If you are looking for the latest Achilles tendonitis treatment, exercise is it. Specifically, exercises referred to as “eccentric contractions” are most beneficial. When we exercise any muscle or tendon, we can either use a concentric contraction, which shortens the length of the muscle or tendon. Or, we can use eccentric contractions, which have the opposite effect.

In most forms of exercise, we do both eccentric and concentric contractions. But, some people tend to focus on the concentric contractions. The bicep curl is an example easy to understand. During a concentric contraction, a person would hold a dumbbell in his or her hand, with the elbow bent at a 90 degree angle, and bringing the dumbbell slowly towards the shoulder, the bicep would be shortened. An eccentric contraction of the bicep would be to stand with the elbows bent at a 90 degree angle, with dumbbells in each hand and slowly lower the hands until they point towards the floor. That elongates the bicep.

This relates to Achilles tendonitis in that most types of exercise (walking, running, dancing, tiptoeing, etc.) result in a concentric contraction or shortening of the tendon. A person, regardless of how fit he or she may be, must make a specific effort to elongate the tendon or do a concentric contraction.

You can accomplish that by sitting and pointing the toes towards the ceiling. There are also “step stretching” products available that allow for the foot to be placed in the “optimal” stretching position.

The stretchers are effective at relieving the pain of Achilles tendinitis and similar lower body pains in just three repetitions of 30 seconds each. But, when you stretch is important, too. You often see runners doing a great deal of stretching before they take off. Hopefully, they have done a bit of walking first to warm up the tendons and muscles. Stretching cold can cause injury.

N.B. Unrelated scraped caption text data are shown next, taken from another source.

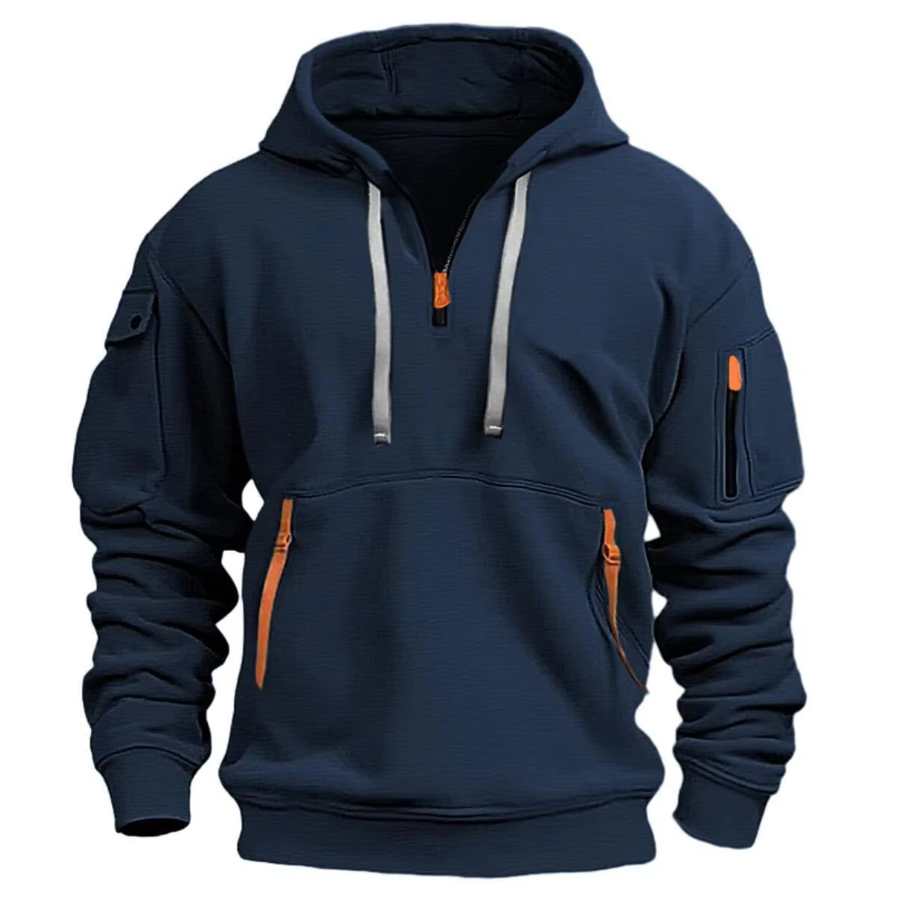 Schmidt - Kapuzenpullover
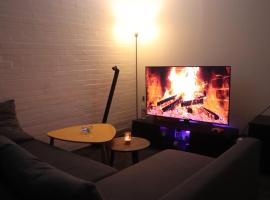 Cozy one room apartment, apartment in Herlev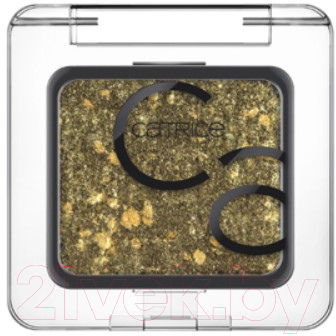 

Тени для век Catrice, Зелeный, Art Couleurs Eyeshadow тон 360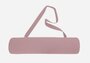 Softline Lubi Nackenrolle - Felt Melange - 299 Antique Pink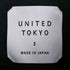 ユナイテッドトウキョウ UNITED TOKYO ミラノリブ スタンドジャケット メンズ JPN:2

If you happen to have high cholesterol, you have an increased risk of this painful condition. Sometimes, it runs in the family. When it is caused by high cholesterol, doctors typically refer to it as xanthoma.

A xanthoma can occur in any part of the body, but frequently affects the Achilles tendon. If you do have a history of high cholesterol due to a family history, rather than poor dietary habits, diet and exercise alone may not lower the blood levels effectively.

Because of that, doctors often prescribe statin drugs. A person with a history of Achilles tendinitis should be very cautious about taking the drugs. He or she should always take a coenzyme Q10 supplement, because there are reported cases of spontaneous ruptures of the tendon in people taking statins.

Coenzyme Q10 is naturally produced within the body, but statins interfere with its production. Blood levels of the antioxidant fall by as much as 40% due to statin use. It is possible for COQ10 levels in the muscles and tendons to become depleted, which weakens them and eventually causes their death.

If high cholesterol is not an issue, Achilles tendinitis can be relieved with heel cushions, pads, rest, ice and stretching exercises. So, don’t let the pain get you down.